The Bristow Producers were a minor league baseball team based in Bristow, Oklahoma. In 1923 and 1924, the Producers hosted home games at the Bristow Base Ball Park and played exclusively as members of the Class D level Oklahoma State League, winning the 1923 Oklahoma State League pennant and championship.

History
In 1923, Bristow, Oklahoma first hosted minor league baseball and won the league championship. Bristow became members of the reformed eight–team Class D level Oklahoma State League as the league expanded from six teams to eight. The Bristow Producers began Oklahoma State League play on May 20, 1923. The Clinton Bulldogs, Cushing Refiners, Drumright Boosters, Duncan Oilers, El Reno Railroaders, Guthrie, Oklahoma and Shawnee Indians joined the Producers in league play.

The Bristow Producers ended the 1923 Oklahoma State League season with a record of 66–56 to place 3rd in the overall standings under managers James Payne and Ralph Heatley. As the league played a split–season schedule, Duncan won the first–half standings and Bristow won the second–half standings. In the playoff, the Bristow Producers swept the Duncan Oilers in 4 games to win the Oklahoma State League championship. The final overall regular season standings were led by Duncan Oilers (71–53), Clinton Bulldogs (63–60), Cushing Refiners (67–53), Guthrie (57–64), El Reno Railroaders (56–63), Shawnee Indians (54–60) and Drumright Boosters/Ponca City Poncans (46–71).

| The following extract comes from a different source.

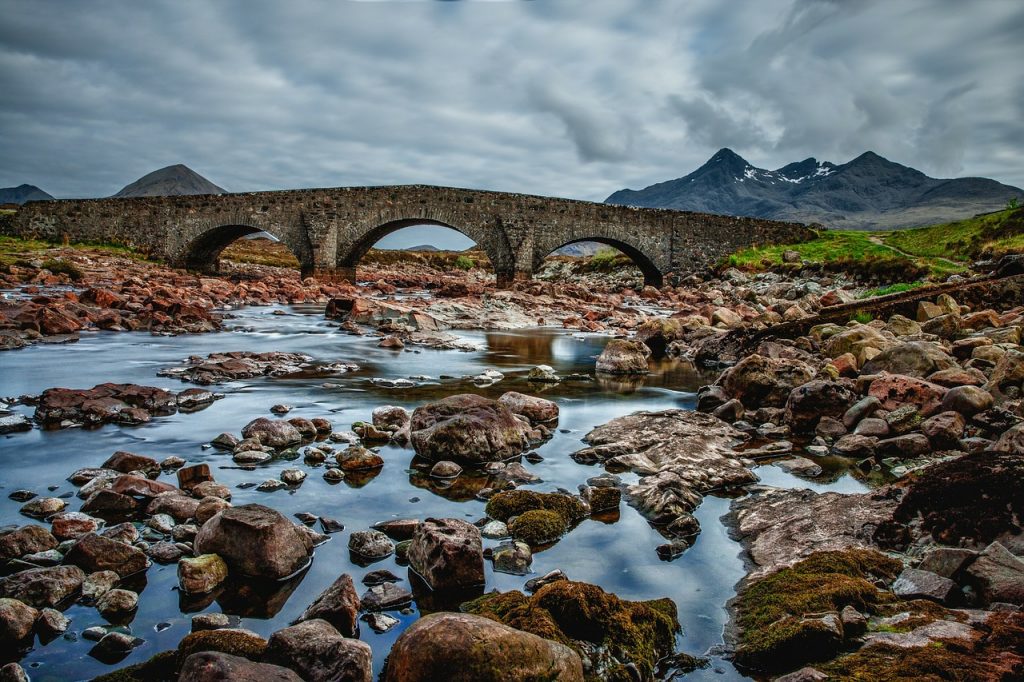 El Puente Del Diablo Se Había Desplomado
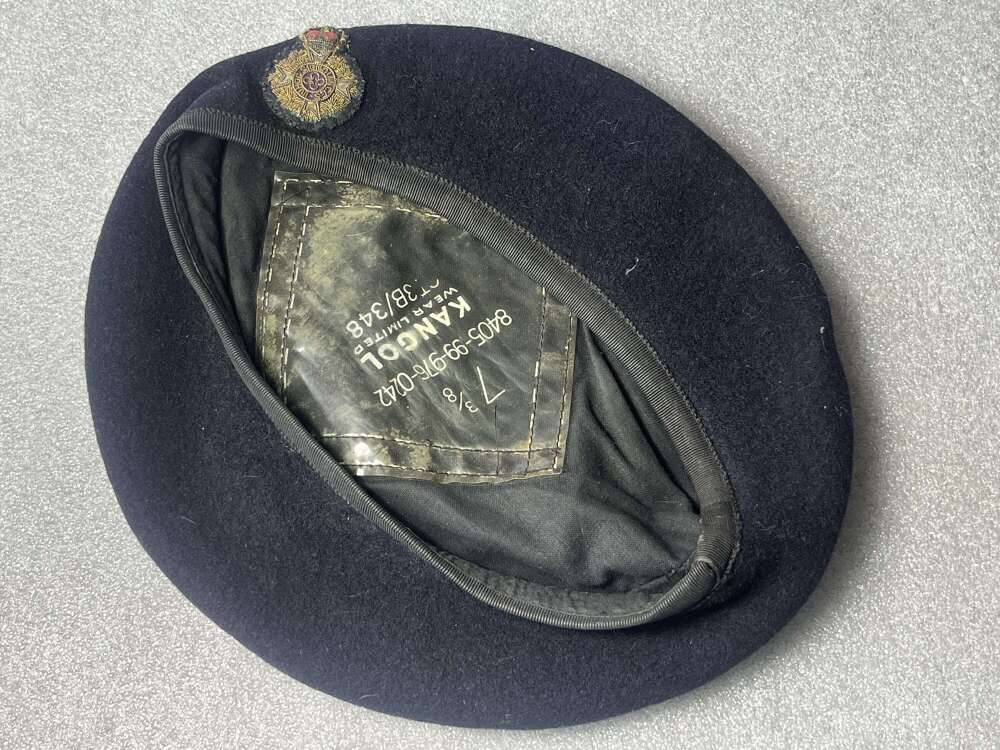 2) Excellent Original Post WW2 1960s? British Army Padre&rsquo;s Beret & Badge RAcHD Chaplain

In their final season, the Bristow Producers placed 2nd overall in the 1924 Oklahoma State League, as the league folded during the season. Although Bristow remained solid, other 1924 league franchises were unstable after the league began play on April 24, 1924. Guthrie moved to McAlester on May 24, 1924, the Ardmore Bearcats moved to become the Pawhuska Huskies on June 8, 1924, on the same day MCalister moved to Wewoka-Holdenville, before the team eventually settled in Enid on July 6, 1924.

The Oklahoma State League permanently folded on July 8, 1924. Ardmore won the first half standings and Cushing was leading the second half standings when the league folded. Overall, the Bristow Producers finished with the second best overall record in the league, with a record of 48–21. Bristow was managed again by Ralph Heatley. When the Oklahoma State League folded on July 8, 1924, Ardmore/Pawhuska had the best overall record (52–21), with Bristow 2.0 games behind. Bristow was followed by the  Cushing Refiners (49–27), Shawnee Indians (40–37), Duncan Oilers (33–37), Ponca City Poncans (32–44), Blackwell Gassers (20–53) and Guthrie/McAlester/Wewoka-Holdenville/Enid (18–48).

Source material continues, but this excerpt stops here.